> _Task objective_
Directions for the data below: repeat exactly the lines from the one with "Autogamy is prevented" through the one with "Now we have", both included, and omit all pictures.

> _Material shown_
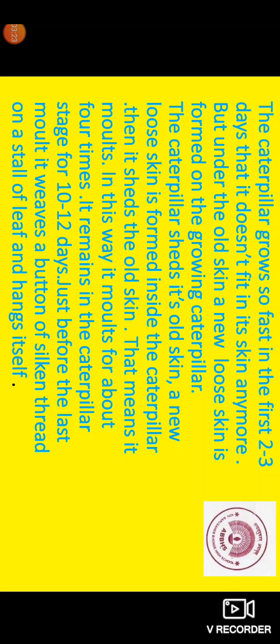The caterpillar grows so fast in the first two or three days that it does not fit in the skin anymore. But under the old skin, a new loose skin is formed on the growing caterpillar. The caterpillar sheds its old skin. That means it molts. In this way, it molts for about four times.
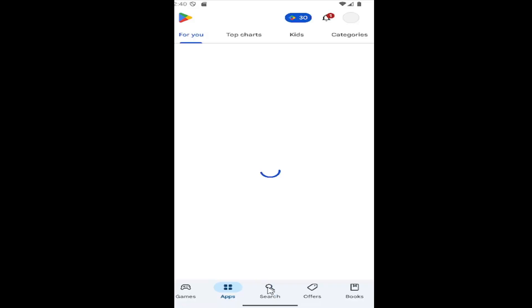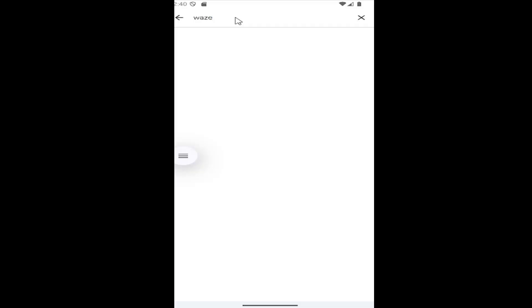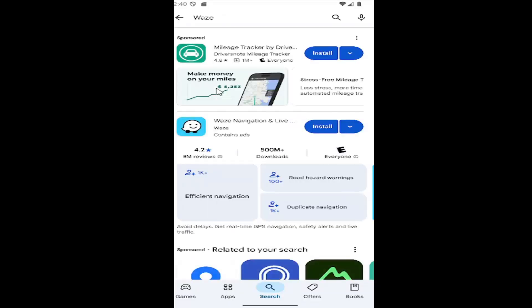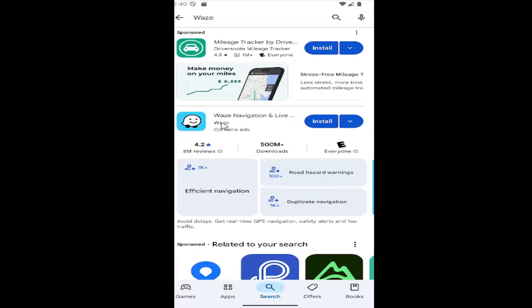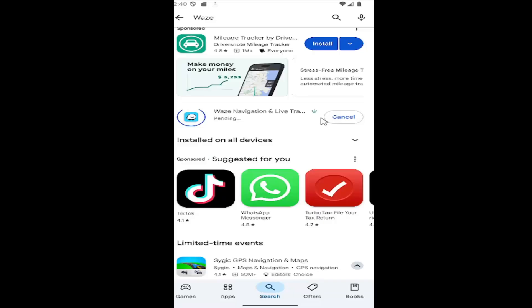You want to select the search button at the bottom and search for Waze. There should be an item in here that says Waze navigation. You want to get it directly from Waze. There's over 500 million downloads, so make sure you're getting the correct one and not something that might look similar to it. Go ahead and select install next to that to begin the download process.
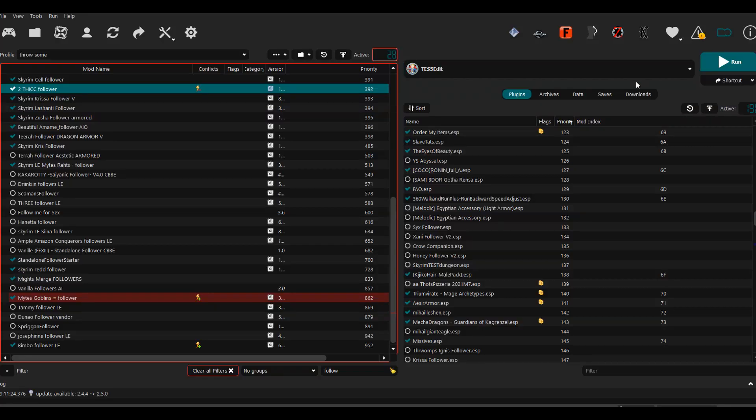Welcome to part three of my how-to series on making your own custom face follower for Skyrim using the Creation Kit. In our previous videos we made up the character and assigned their parts like the face and hair. What we have to do now is make it completely standalone, so if we don't have the mods present that were used to make the character, the character will still work.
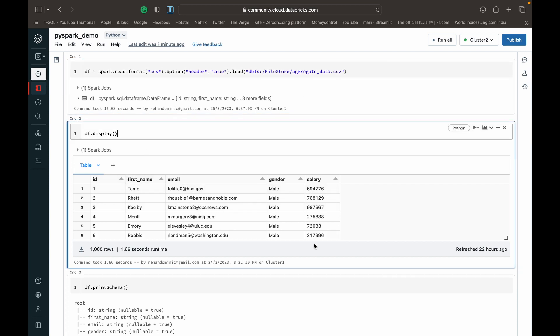Very simple mock data frame based on employee data for a company. Some salary, email, and name data.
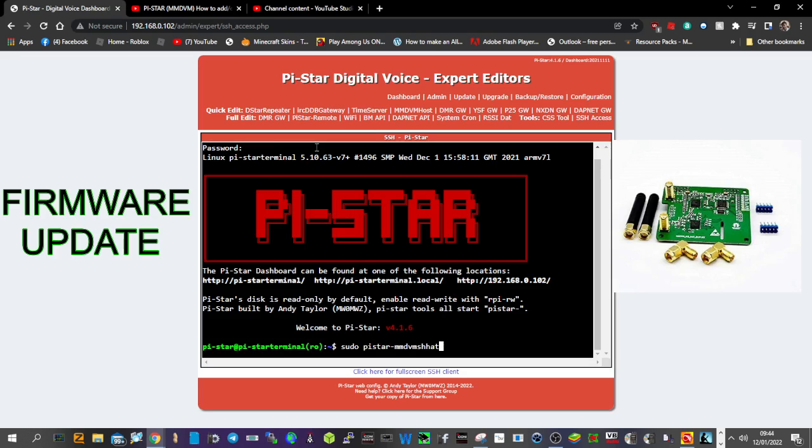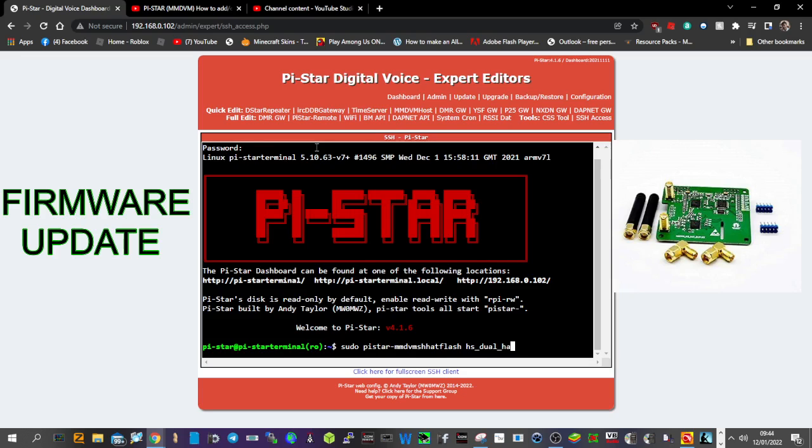Space, no, flash first, flash, then space, H-S, lower flat line, dual, lower flat line, then hat, and then hit enter.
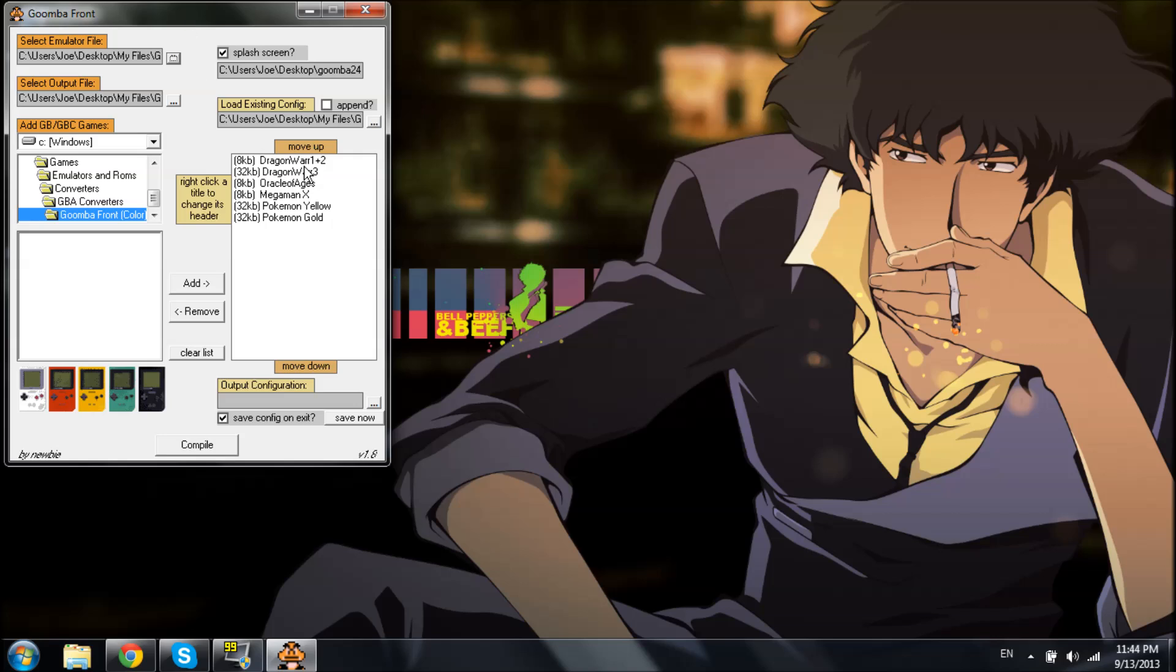Alright, we've already got a list here. We've got Dragon Warrior, Oracle of Ages, Mega Man X, Pokemon Yellow, Pokemon Gold. Easy enough stuff.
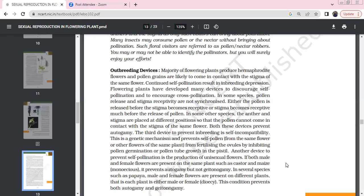Autogamy is prevented but not in all of them. In several species like papaya, male and female flowers are on different plants.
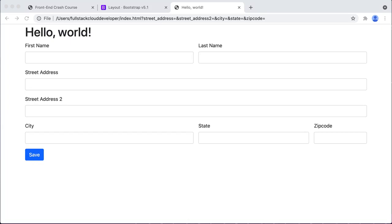Now we have an address form. The next thing to do is to let the user input in this form, which they can do right now, and actually have it get sent to the server. That's part of a front-end developer's task.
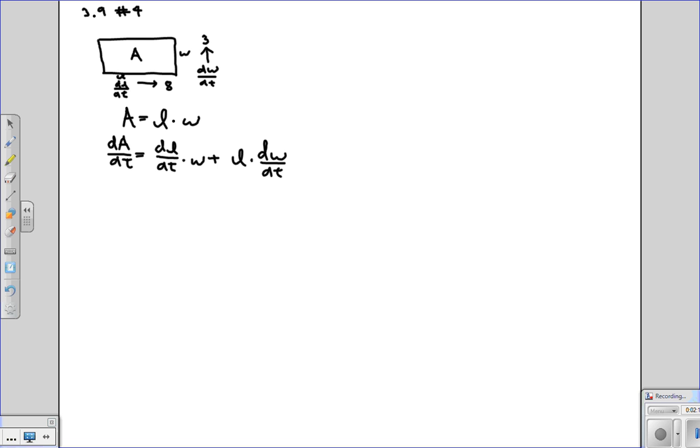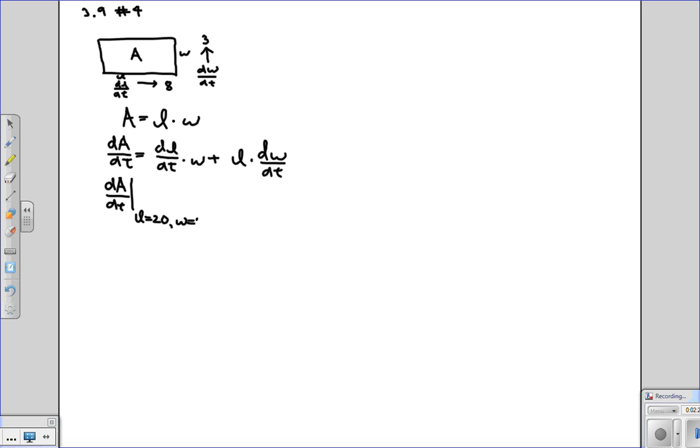And then, since we're trying to figure out dA/dt when the length is 20 and the width is 10, then all we have to do is plug in these values to find the answer.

> _Expected answer_
Autogamy is prevented but not in all of them. In several species like papaya, male and female flowers are on different plants.
Now we have an address form. The next thing to do is to let the user input in this form, which they can do right now, and actually have it get sent to the server. That's part of a front-end developer's task.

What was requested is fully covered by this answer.